I think there is a scary statistic that you are never further than a few metres from a rat! Not sure how accurate it is but the gist is they are pretty common, seeing one in the garden doesn't't mean they are in the house.


My first house backed onto a railway line, saw one in the garden once and they never came indoors. That said, we had bird food in the shed, they gnawed through and ate it along with a parasol!! Only other time we were aware of then was when the green bin lid got broken off into the dust cart - woke up to hear loads of banging outside, really scary but investigation showed it to be a rat in the green bin! It had jumped in to get at the rubbish but then couldn't get out again so was jumping trying to jump high enough ti escape. Amazing how high they can jump, very nearly as high as a green bin ..... But not quite!!

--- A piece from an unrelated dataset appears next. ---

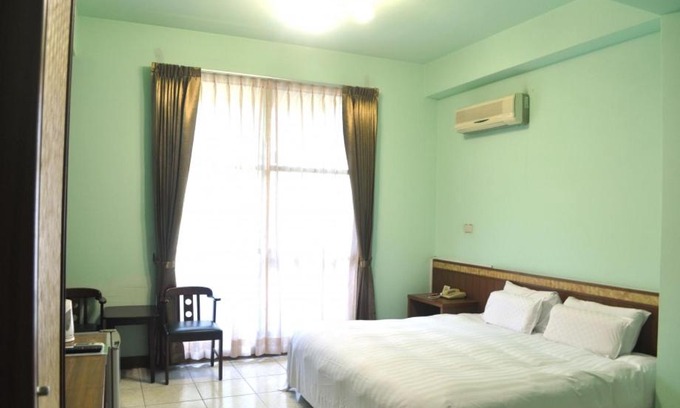 Puli House | 花卉驛棧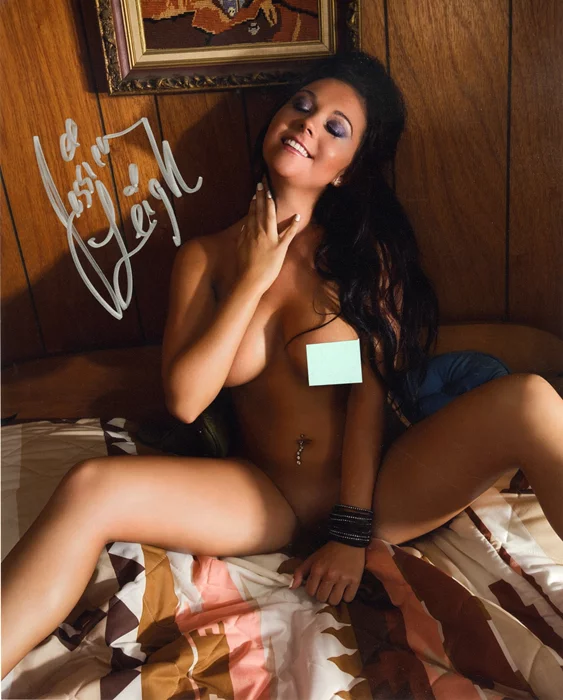 Jessica Leigh autograph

Errrrr, kill it? We found a rat in our outside drain one day and it was the size of a big cat. It had drowned thank God but I couldn't get over how big and fugly it was. I can't imagine what I would do if Iwere to wake up and find that trotting about my bedroom.


Or, worse still, with it's wee face on the pillow next to mine, nose and snout touching... Dear God, I think I am having a panic attack.

I had my back door open and didnt realise i have a visitor untill i went to put my son to bed and saw a massive rat in my sons bedroom! Took a hour and a call on a friend to come round to get the nasy dirty rat out! It was so big and made horrible noises. I am a housing Asso tennet my garden is kept well but the tennents upstairs have let their bit over grow and i know the rats are hidding in that jungle some where!
A dead animal inside a drain would probably bloat a bit so you may have got an exagerrated impression of how big the rat really was. A big cat is for example, a Maine coon, rats that big would have been spotted and caused a scare in the area !! I've seen dead cows in rivers that I thought were rhinos or even elephants but it was just the gas from bloating.

One rat? Luxury!


I once lived in a hut on a farm, and I used to have a birdfeeder.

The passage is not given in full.